**Data entries**
+---+

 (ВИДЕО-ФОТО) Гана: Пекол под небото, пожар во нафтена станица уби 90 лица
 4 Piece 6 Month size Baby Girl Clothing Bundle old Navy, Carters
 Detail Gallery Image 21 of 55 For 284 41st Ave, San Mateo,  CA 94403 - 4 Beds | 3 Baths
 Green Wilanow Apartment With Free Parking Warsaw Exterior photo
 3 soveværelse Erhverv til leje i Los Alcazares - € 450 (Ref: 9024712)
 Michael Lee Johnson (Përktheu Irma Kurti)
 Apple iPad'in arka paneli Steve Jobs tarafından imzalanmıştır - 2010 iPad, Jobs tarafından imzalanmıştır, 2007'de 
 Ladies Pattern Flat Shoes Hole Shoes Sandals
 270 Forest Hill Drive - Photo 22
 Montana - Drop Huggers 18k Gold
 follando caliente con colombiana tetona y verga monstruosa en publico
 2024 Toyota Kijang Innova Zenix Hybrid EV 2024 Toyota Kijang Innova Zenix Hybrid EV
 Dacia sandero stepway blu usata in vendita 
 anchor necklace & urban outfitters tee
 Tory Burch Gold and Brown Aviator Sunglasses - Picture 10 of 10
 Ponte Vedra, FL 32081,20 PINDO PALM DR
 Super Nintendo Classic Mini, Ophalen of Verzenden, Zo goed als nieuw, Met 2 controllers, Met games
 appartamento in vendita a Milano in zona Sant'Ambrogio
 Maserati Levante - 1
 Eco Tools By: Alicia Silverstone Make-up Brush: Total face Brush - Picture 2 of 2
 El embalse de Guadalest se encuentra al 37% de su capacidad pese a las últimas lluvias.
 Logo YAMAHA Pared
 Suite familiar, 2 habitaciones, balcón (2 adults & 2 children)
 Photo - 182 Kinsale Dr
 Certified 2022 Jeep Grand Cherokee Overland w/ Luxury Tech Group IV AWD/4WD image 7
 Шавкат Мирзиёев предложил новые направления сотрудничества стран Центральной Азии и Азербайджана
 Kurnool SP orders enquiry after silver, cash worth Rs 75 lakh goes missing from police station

+---+

**WORK TO BE COMPLETED**
Output every record above exactly as it was given.

**WORKED SOLUTION**
 (ВИДЕО-ФОТО) Гана: Пекол под небото, пожар во нафтена станица уби 90 лица
 4 Piece 6 Month size Baby Girl Clothing Bundle old Navy, Carters
 Detail Gallery Image 21 of 55 For 284 41st Ave, San Mateo,  CA 94403 - 4 Beds | 3 Baths
 Green Wilanow Apartment With Free Parking Warsaw Exterior photo
 3 soveværelse Erhverv til leje i Los Alcazares - € 450 (Ref: 9024712)
 Michael Lee Johnson (Përktheu Irma Kurti)
 Apple iPad'in arka paneli Steve Jobs tarafından imzalanmıştır - 2010 iPad, Jobs tarafından imzalanmıştır, 2007'de 
 Ladies Pattern Flat Shoes Hole Shoes Sandals
 270 Forest Hill Drive - Photo 22
 Montana - Drop Huggers 18k Gold
 follando caliente con colombiana tetona y verga monstruosa en publico
 2024 Toyota Kijang Innova Zenix Hybrid EV 2024 Toyota Kijang Innova Zenix Hybrid EV
 Dacia sandero stepway blu usata in vendita 
 anchor necklace & urban outfitters tee
 Tory Burch Gold and Brown Aviator Sunglasses - Picture 10 of 10
 Ponte Vedra, FL 32081,20 PINDO PALM DR
 Super Nintendo Classic Mini, Ophalen of Verzenden, Zo goed als nieuw, Met 2 controllers, Met games
 appartamento in vendita a Milano in zona Sant'Ambrogio
 Maserati Levante - 1
 Eco Tools By: Alicia Silverstone Make-up Brush: Total face Brush - Picture 2 of 2
 El embalse de Guadalest se encuentra al 37% de su capacidad pese a las últimas lluvias.
 Logo YAMAHA Pared
 Suite familiar, 2 habitaciones, balcón (2 adults & 2 children)
 Photo - 182 Kinsale Dr
 Certified 2022 Jeep Grand Cherokee Overland w/ Luxury Tech Group IV AWD/4WD image 7
 Шавкат Мирзиёев предложил новые направления сотрудничества стран Центральной Азии и Азербайджана
 Kurnool SP orders enquiry after silver, cash worth Rs 75 lakh goes missing from police station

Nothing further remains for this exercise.